The emperor’s plan seems to have been to take both Manzikert and Khliat, which lay somewhat to the south on the western shore of Lake Van. But he was completely misinformed of the movements of Alp Arslan and his troops. The latter, in fact, had not returned to Iraq at all; rather, he had marched directly towards the Armenian border by way of Amida and Mosul, then on to Khoi just to the north of Lake Urmia. There his vizier had proceeded to Azerbaijan to raise further troops, while he himself, having collected some 10,000 cavalry from his allies and vassals en route, had by now assembled a force of some 30,000 horsemen. Thus while Romanos thought that the Turkish leader was some way away, he was in fact just over 100 miles distant, with his scouts covering and reporting every move made by the Roman emperor. Already, therefore, Romanos was at a disadvantage, even if his forces were in a substantial majority.
From Erzurum/Theodosioupolis the emperor advanced eastwards. The troops were ordered to collect enough provisions for two months – a very considerable amount that necessarily entailed the use of large numbers of pack-animals and, possibly carts, slowing the army down somewhat. A substantial body of the Pecheneg allied force, closely followed by the Frankish troops under Roussel, were ordered ahead to the region around Khliat, which Romanos clearly perceived as the more difficult of his two first objectives, with instructions to collect fodder and provisions, prevent enemy damage to the harvest and, presumably, to secure it for the imperial advance. The emperor must have continued his march east along the same route, before turning south to cross the Araxes, and then east, either along the valley of the Murat Su, or a little further south (which is the route the forces under Roussel will have followed) at Muş (Taron), towards Manzikert itself.

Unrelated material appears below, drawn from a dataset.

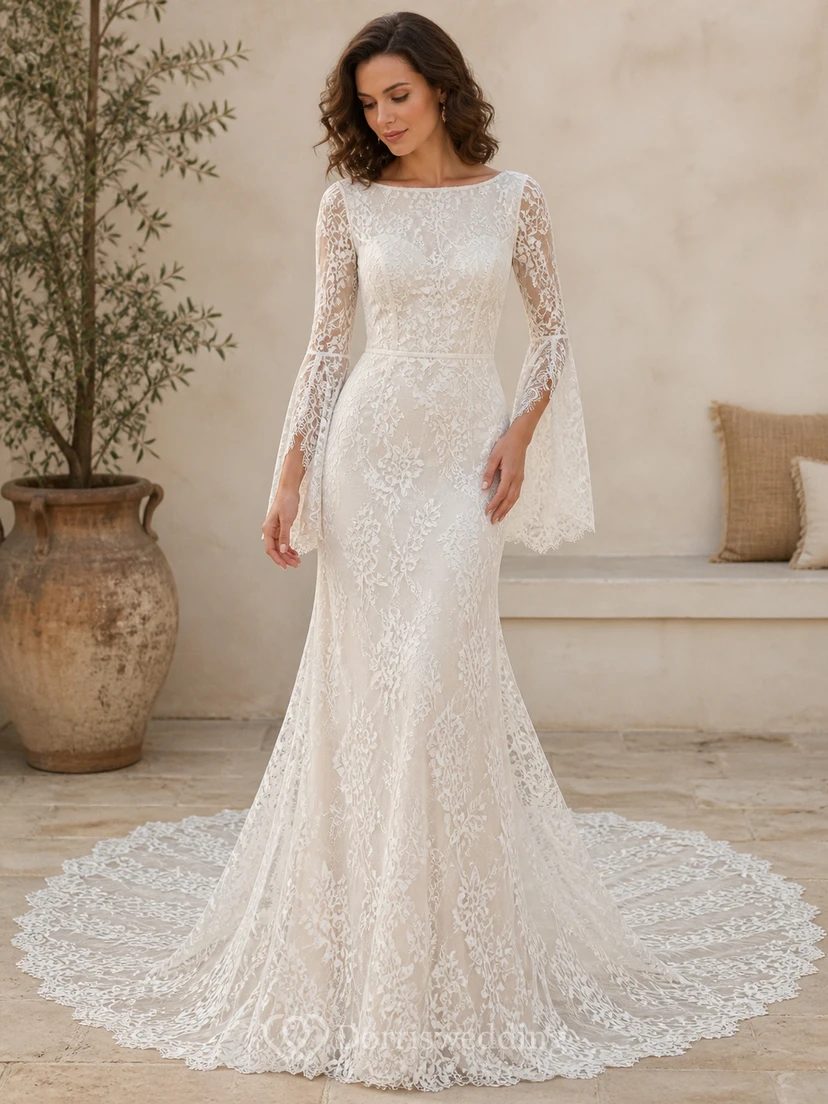 Vestido de novia bohemio de sirena con escote barco y mangas largas, largo hasta el suelo, con volantes festoneados.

Before reaching this first objective, he detached a further substantial force under Tarchaneiotes, with orders to assist Roussel in taking and garrisoning Khliat. According to Attaleiates, this included the elite of the army, most of the better and more battle-hardened units, including the Varangians and some of the Armenian infantry from the field forces under the doux of Theodosioupolis. He also notes that the troops remaining to Romanos were now fewer than those he had sent off to Khliat. We may surmise that, after the separation of these various detachments, it is likely that the forces remaining with the emperor at this point numbered only some 20,000 or so, and were therefore – contrary to Romanos’s expectation and assumptions – barely superior in numbers, if at all, to the main Turkish host.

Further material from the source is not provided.